It was a bit different than what it had been in years previous, something a bit older, the conjured sky more full in ways that man kind hadn't seen in so long that it was all but forgotten.
It was beautiful,
(It felt like a memory to the one favored by death)
They laid curled into one another that night, touch coming easier to them both then it had in a long time as Blaise held the other's wrists until his eyes closed and didn't open again until morning, the steady pressure of Harry's pulse lulling him to sleep. It was strange for them both to be able to rest so easy after the start of the last three years, pain and sickness and things out of their control.
It was a change that both of them thought that they could get used to.
Notes:
No duel duels, sorry I figured that was a bit played out by now... though I'll probably bring it back next book
Chapter 7
Summary:
first day of class
Notes:
Fair warning, this is the year that Harry gets to be at his happiest while at Hogwarts… do with that what you will.
so again, I am basing the class schedules off of the ones in the books, because I'm not going to try and figure that out. I am lazy.

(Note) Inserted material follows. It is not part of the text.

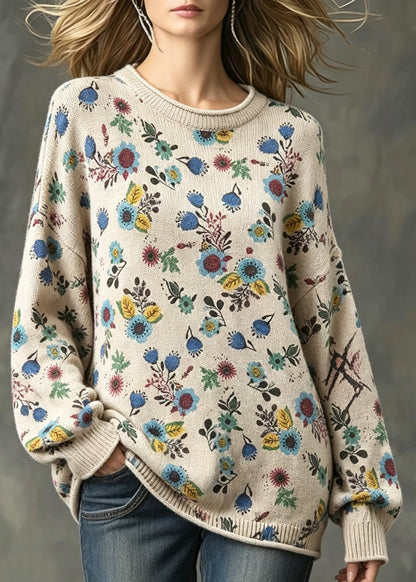 Women Loose Apricot O Neck Print Knit Sweater Tops Fall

(See the end of the chapter for more notes.)
Chapter Text
When Severus went down to breakfast the next morning, he was expecting more of the usual that had stood for much longer than his tenure at the school for magic. The morning after the start of the year duels were always drowning in the shifts of the balance that had been found the year before. In the heaviness in the air. In weary glances and hidden flinches, whether from injury of fear didn't matter because the sign of weakness was there all the same.
That was how it had always been.
That wasn't how it was now.
All of the seats were the same from the night before, at least the general areas of them. Some of the first years had moved around, making alliances among their own, but other than that placements hadn't really changed much at all.

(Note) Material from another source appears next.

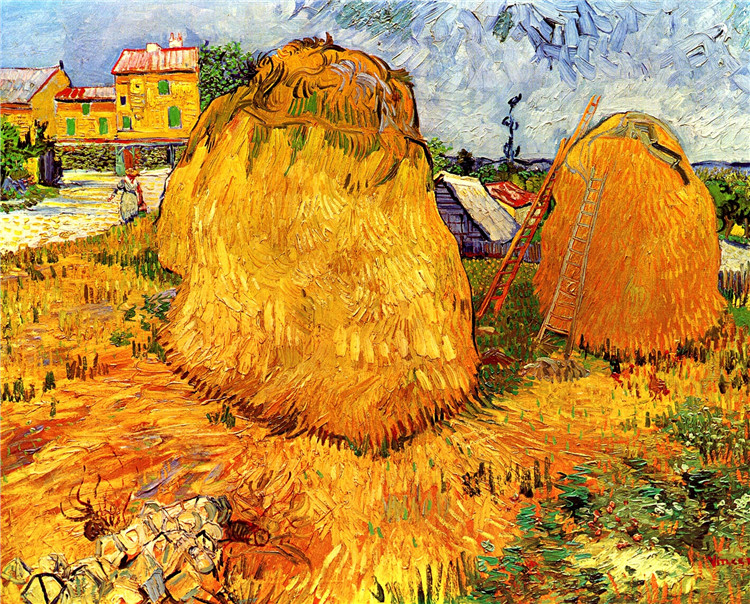 Haystacks In Provence Vincent Willem Van Gogh Oil Painting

Usually that was something that was only seen among the seventh years.
This time though, it was those very seventh years that were sporting the wounds, though they lacked none of the malice behind them that was usually there.
The potions master felt a bit as if he was in bizzaro land right then.
"A strange lack of change," the Gryffindor head of house observed right then, her vague statement coming as close to asking as she likely would have at that moment.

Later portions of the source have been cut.